AI/ML Customization and De-Risking Tasks

Of course, any automated software tool like ChatGPT (just as non-AI tools like Excel) can make mistakes from hallucinations or formulaic errors. In both situations, it is difficult to decipher how and when mistakes are made. But in ChatGPT’s case, it is always advisable to find a non-AI generated source to double-check its writing. In the case of Excel, it is a norm at engineering firms to always double-check an Excel-generated result independently. At Thornton Tomasetti, we have developed an “AI Guiding Principles” document for the entire staff to put forth a best-practices guide on how to use and how not to use AI. Over time, this document will need to adapt to the ever-changing AI landscape and complexity. In the meantime, every firm needs to educate their staff about the power and risks of AI. Our CORE.AI team has been customizing our AI apps to be self-checking through non-AI methods and recommending that AI/ML be used only during early design phases, which will serve to de-risk AI. 

Future Learning 

As AI/ML automates low-level tasks, many of my colleagues and I have legitimate concerns that young engineers will not learn key engineering insights like the older generation did by solving problems manually many times over many years. Instead, an AI/ML tool will complete those low-level tasks automatically. I believe, as younger generations of engineers have grown up in the digital/automated age, they will learn significantly faster than my generation did by playing with those same AI/ML apps, just as they did with video games or by having conversations with those same AI/ML applications directly or through an AI agent. Digital learning has improved significantly as a response to the COVID era. Through my own experience with online resources, certain training aspects would not even be possible without the vast access of digital resources now available. In the near future, every AEC employee will have a smart AI-generated copilot and mentor to provide resources and advice when needed. 

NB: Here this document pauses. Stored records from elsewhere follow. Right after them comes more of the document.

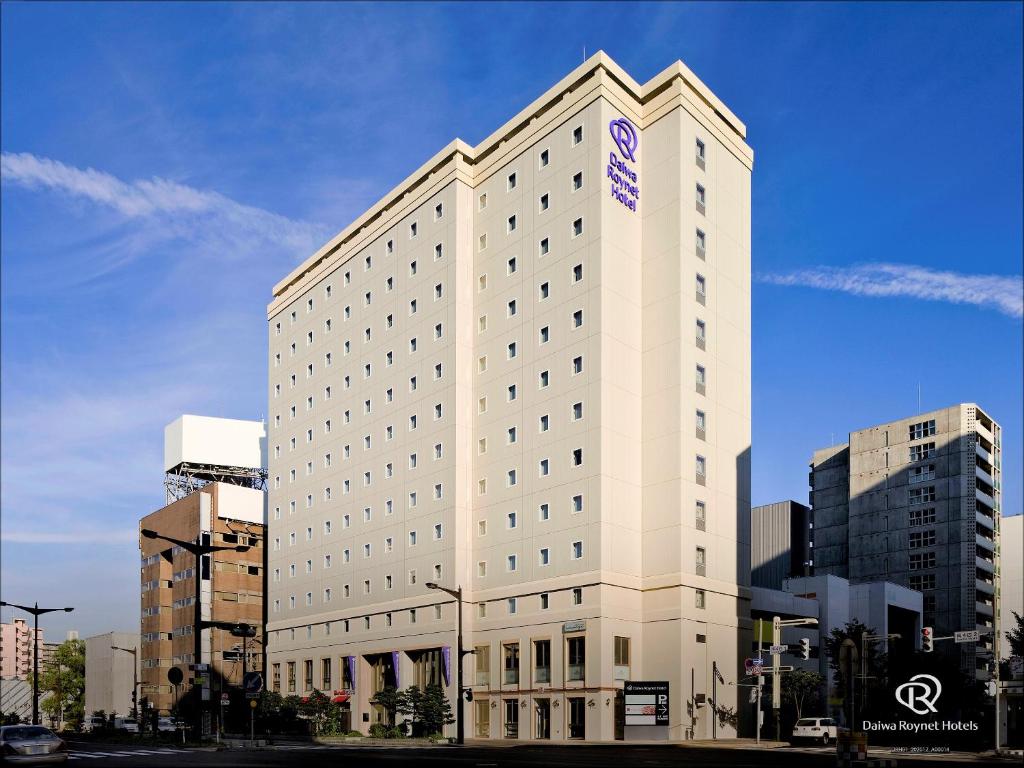 a large white building with a sign on it at Daiwa Roynet Hotel Sapporo-Susukino in Sapporo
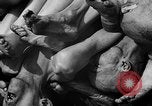 Image of pile of dead Buchenwald Germany, 1945, second 49 stock footage video 65675049492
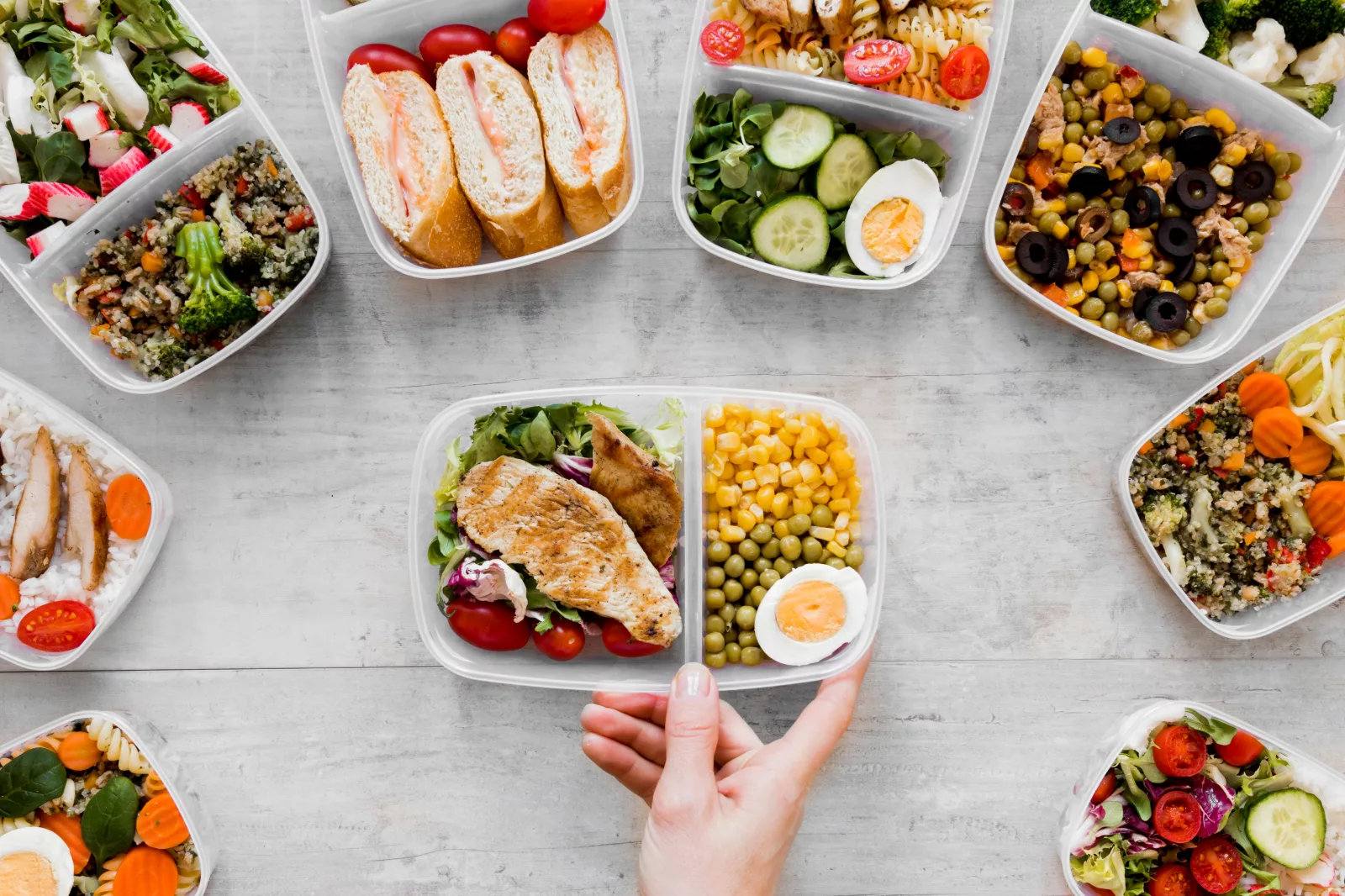 Meal prep containers with grilled chicken, roasted vegetables, and herbs, ideal for healthy meals for dinner.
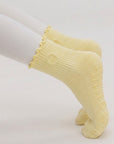 Woman holding a plank in butter yellow grip socks, tonal non-slip grips gripping the mat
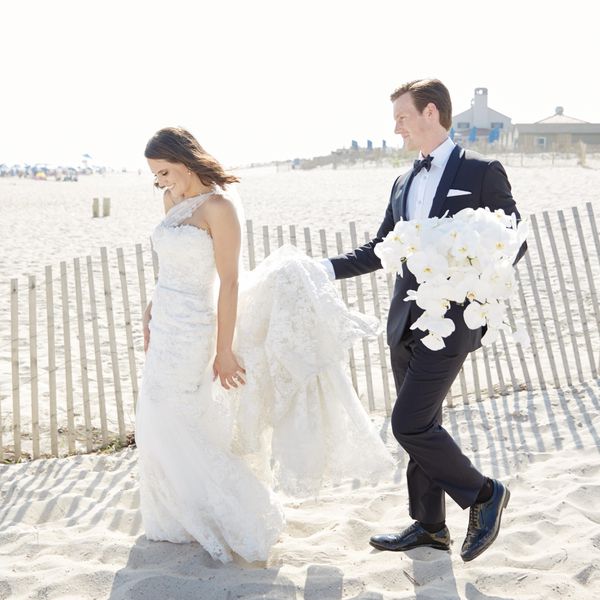 Bride and groom walking in sand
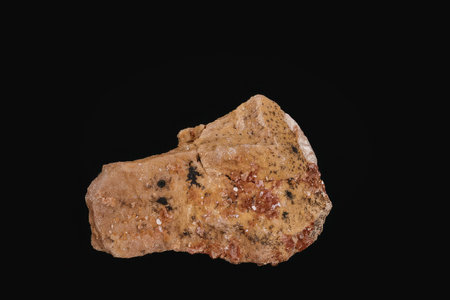 A brown and orange mineral specimen with a rough texture and vibrant coloration against a black...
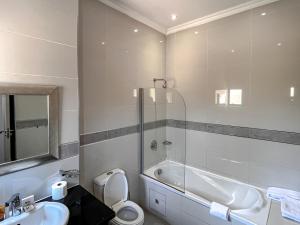 a bathroom with a tub and a toilet and a sink at Golden Crystal Hotel Gaborone in Gaborone +25 photos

 It seems we have found our new utility: The power of artificial intelligence is in our hands. 
The Road Ahead 

AI/ML will transform all businesses functions of AEC from technical tasks and administrative functions to accounting, finance and marketing. Multitudes of robots will work in the field in construction with certainty. This is why Dr. Andrew Ng, cofounder of Google Brain, says, “AI is the New Electricity.” It seems we have found our new utility: The power of artificial intelligence is in our hands. It is paramount that all AEC firms begin to leverage AI because it now has the capacity to automate routine tasks and is already transforming how knowledge is shared. 

In the future, firms that leverage AI will reap significant gains in bottom-line performance and will discover new business lines that will grow their firms and ensure they are lasting and resilient for generations to come.



Footnotes:

1 “MLOps,” Databricks, https://www.databricks.com/glossary/mlops (accessed June 12, 2024).
2 IBM.com

Robert K. Otani, PE, is chief technology officer at Thornton Tomasetti, Inc., a 1700+ person, multidisciplinary engineering and applied science firm, and founded the CORE studio, a digital design, application development, AI and R&D group at his firm. He has 30 years of structural design experience involving commercial, infrastructure, institutional, cultural and residential structures on projects totaling over $3 billion USD of construction and has led numerous software applications, including Konstru, Design Explorer, Beacon and Asterisk, the first ML-powered structural engineering application in the industry.